All Saints’ Day
When is All Saints’ Day
All Saints’ Day is an annual religious holiday. It is celebrated every November 1st within nearly all Christian churches to celebrate all of their religious saints. The initial concept of All Saints’ Day is universal, but many churches and regions have slightly different takes on this holiday.
Holiday for the Saints
The history of All Saints’ Day is complex in its beginnings. While it’s a centuries-old concept, historians have found some of the earliest recording of the holiday to date back to 270 CE. In 835 CE, Pope Gregory IV authorized All Saints’ Day as an official Christian holiday. Sights were initially set on October 31st, which was then the pagan holiday All Hallows’ Eve. However, many historians speculate that the Pope decided on November 1st in order to appease the pagans in the hopes of future conversion to the Church. Other experts believe that All Saints’ Day was placed on the calendar by All Hallows’ Eve to combat the celebrations by the pagans during the evening of the dead.
All Saints’ Day is also a precursor to All Souls’ Day. Held on November 2nd, All Souls’ Day is observed to pray for the dead who are believed to have not yet reached Heaven due to their sins.

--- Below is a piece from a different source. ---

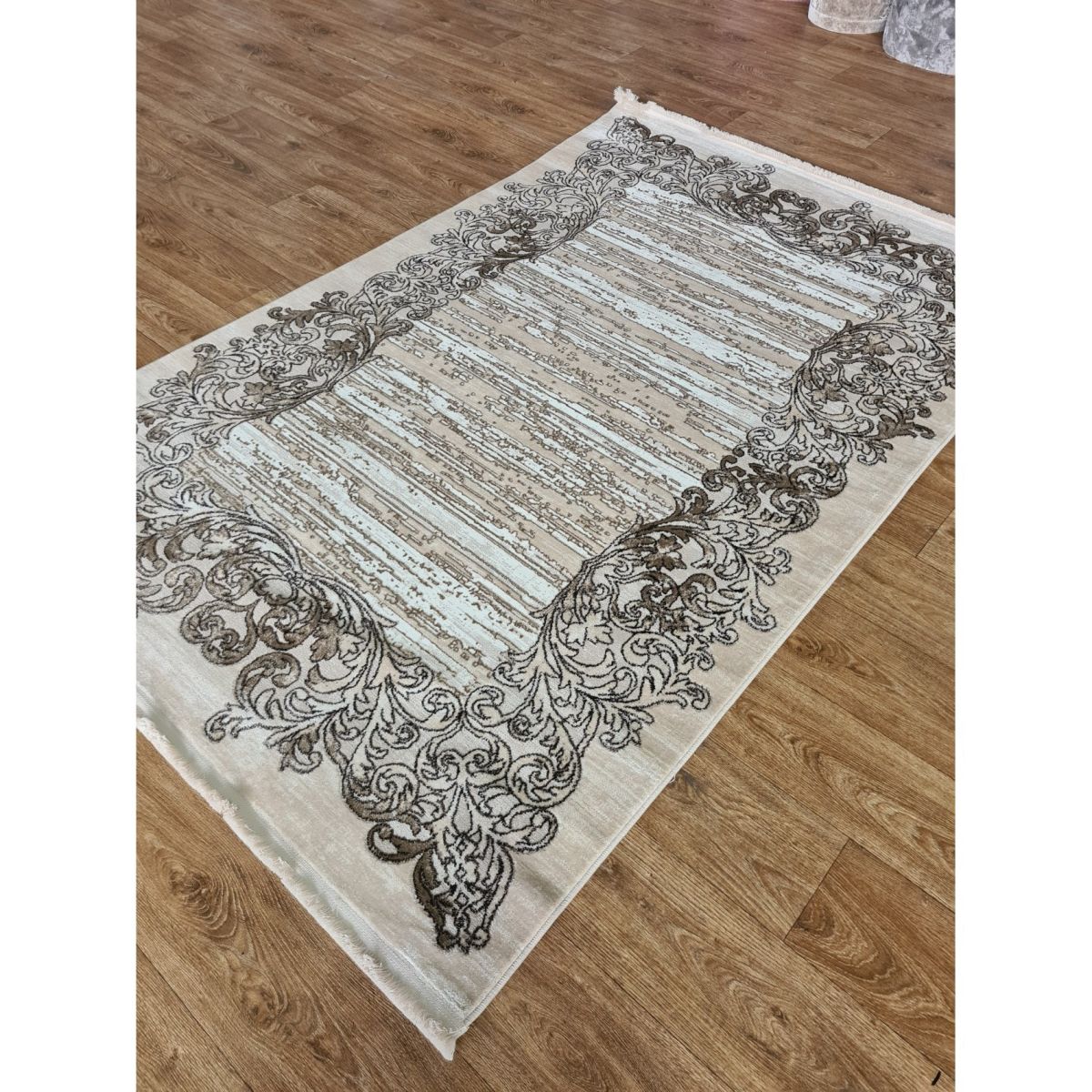 Килим Greencarpet Prestige 06115N CREAM HB / D.BEIGE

Although the holiday was originally enacted to celebrate saints within the Church who did not have individual holidays, the meaning of All Saints’ Day has transformed into modern day Christianity. A saint is technically one who has achieved Heaven through his or her dedication to God and a Christian life. Therefore, modern Christians celebrate All Saints’ Day to commemorate deceased loved ones who fit the criteria.

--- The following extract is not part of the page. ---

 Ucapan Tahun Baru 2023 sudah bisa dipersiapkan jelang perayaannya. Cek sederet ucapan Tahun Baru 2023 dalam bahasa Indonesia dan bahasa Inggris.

The exact celebrations vary by region and sect within the religion. While most Catholics attend church services on All Saints’ Day, many Protestants celebrate within their own homes if the holiday doesn’t fall on a Sunday. Many Latin cultures offer sacrifices on All Saints’ Day, while European celebrations often consist of graveyard beautifications. Lighting candles for the dead is also commonplace on this holiday.
Public vs. Secular Observations
The extent of observations in a particular country depends upon the role of secularism, or separation between church and state. For example, the United States doesn’t consider All Saints’ Day to be a government holiday because it is a secular nation. Britain, Australia and Canada are other western nations who don’t regard November 1st as a public holiday. With that being said, secularism within these countries has made it possible for Christians to freely celebrate All Saints’ Day without punishment from an opposing religion.
On the other hand, there are certain nations who regard All Saints’ Day as a public holiday. This means that the government regards the date as a holiday, and related institutions are closed. Due to the extent of celebrations, many businesses may decide to close as well. Just some of the countries who still celebrate All Saints’ Day as a public holiday include Italy, France, Spain, Poland, Austria and Portugal. Certain parts of Germany and Switzerland also regard this day as a public holiday. Prevalence of Christianity is a big factor in determining whether a population observes this holiday publicly.